If Canada wants to build a lasting relationship with the Dakota and Lakota First Nations in Manitoba and Saskatchewan following the Trudeau government’s historic apology last summer, the federal government will have to do more than it has to date.

For 162 years, the nine Dakota and Lakota First Nations in Manitoba and Saskatchewan were considered refugees in Canada and the formerly British-held territory, an historical mistake that dismissed their territorial ties to the land north of the 49th parallel. These First Nations long argued against that designation, as they considered Canada part of the traditional territory they held before the arrival of European settlers — territory that had once extended down into the United States.

In July 2024, Canada’s then-Crown Indigenous relations minister attempted to right that wrong, and apologized to these First Nations. Yet since that apology was offered — and accepted by the First Nations — Indigenous leaders say there has been little to no followup by the federal government, and a lack of effort to build a new relationship.

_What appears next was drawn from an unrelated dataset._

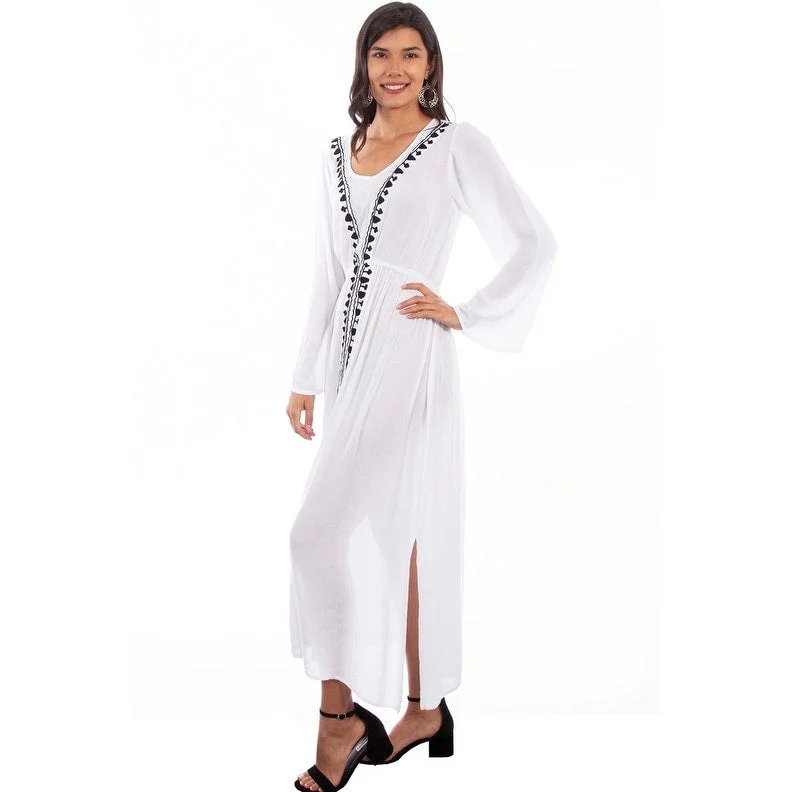 Scully Western Dress Womens L/S Embroidered Slit Maxi White F0_PSL-257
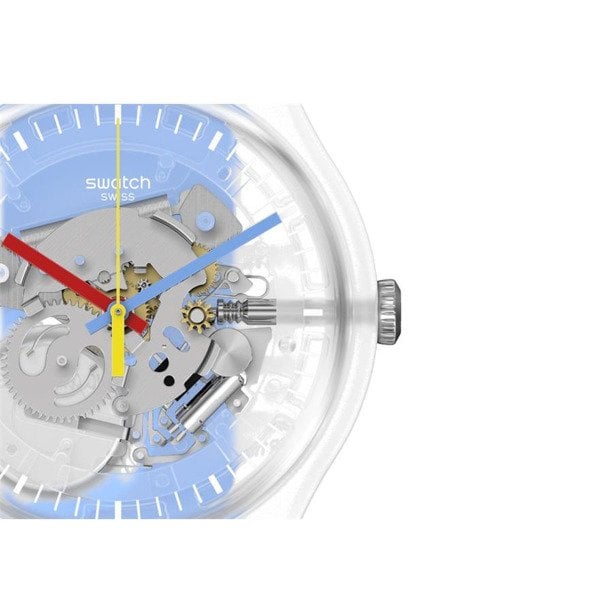 Swatch Clearly Blue Striped Unisex Kol Saati SUOK156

Unlike many other First Nations groups, the Dakota and Lakota people have no signed treaties with the Crown. After the Dakota people were forcibly expelled from the United States after The Dakota War of 1862, Birdtail Sioux and Dakota Tipi joined the fellow non-treaty First Nations of Canupawakpa, Sioux Valley and Dakota Plains in securing reservations under Canada’s Indian Act as a result of arrangements made with the federal government and area treaty First Nations.

These tracts of land were secondary to treaty First Nations, relegating non-treaty peoples to smaller land bases, which do not allow enough space for the economic activity that they require in order to become truly self-sufficient.

This is a continuing problem for the Dakota and Lakota, one that was formerly being addressed by the Trudeau government with sit-down negotiations under Section 35 of the Constitution Act with individual communities. The federal government’s apology was one of the outcomes of those negotiations. But Manitoba’s Dakota bands say Canada has not moved forward with ongoing efforts to create new, modern treaties with these bands — or any meaningful dialogue of any kind.

“Since the apology, there has been little political will or effort on the part of Canada in my view,” Sioux Valley Chief Vince Tacan wrote in an op-ed to the Sun last month. “We need a specific process and a mandate to negotiate and address reconciliation of the outstanding treatment as outlined in Sioux Valley Dakota Nation’s claim. To acknowledge wrongdoing and not follow up with concrete steps to work toward meaningful reconciliation renders the apology meaningless.”

“We try to have positive meetings and positive negotiations and roll up our sleeves and get to work, and the federal government has just not been responsive,” Dakota Tipi Chief Dennis Pashe told the Sun last month, the same week as the one-year anniversary of the apology.

“You can’t just say you’re sorry and do nothing,” Canupawakpa Chief Raymond Brown added. “The federal government has not done anything after the apology. It was zero communication.”

We understand that the federal government needs to keep ongoing negotiations out of the public until agreements are finalized. But with Manitoba’s Dakota bands publicly calling into question Canada’s commitment to work with their leadership, it seems clear that the political will to build meaningful reconciliation with these groups is lacking.

The boilerplate statement issued by the federal government in July in response to a request by the Sun to speak with Rebecca Alty, the current Crown-Indigenous Relations minister — “We will continue to work together on shared priorities to advance reconciliation, self-determination and a more prosperous future for the benefit of their communities …” — feels meaningless as a result.

This is unacceptable. For the Dakota and Lakota, that apology was supposed to be a milestone event — a sign of a better future for their peoples. True reconciliation with the Dakota and Lakota requires action in the wake of the 2024 apology, or history will judge it to be empty words.

After having to wait more than 160 years for recognition and an apology from the federal government, the Dakota and Lakota deserve better.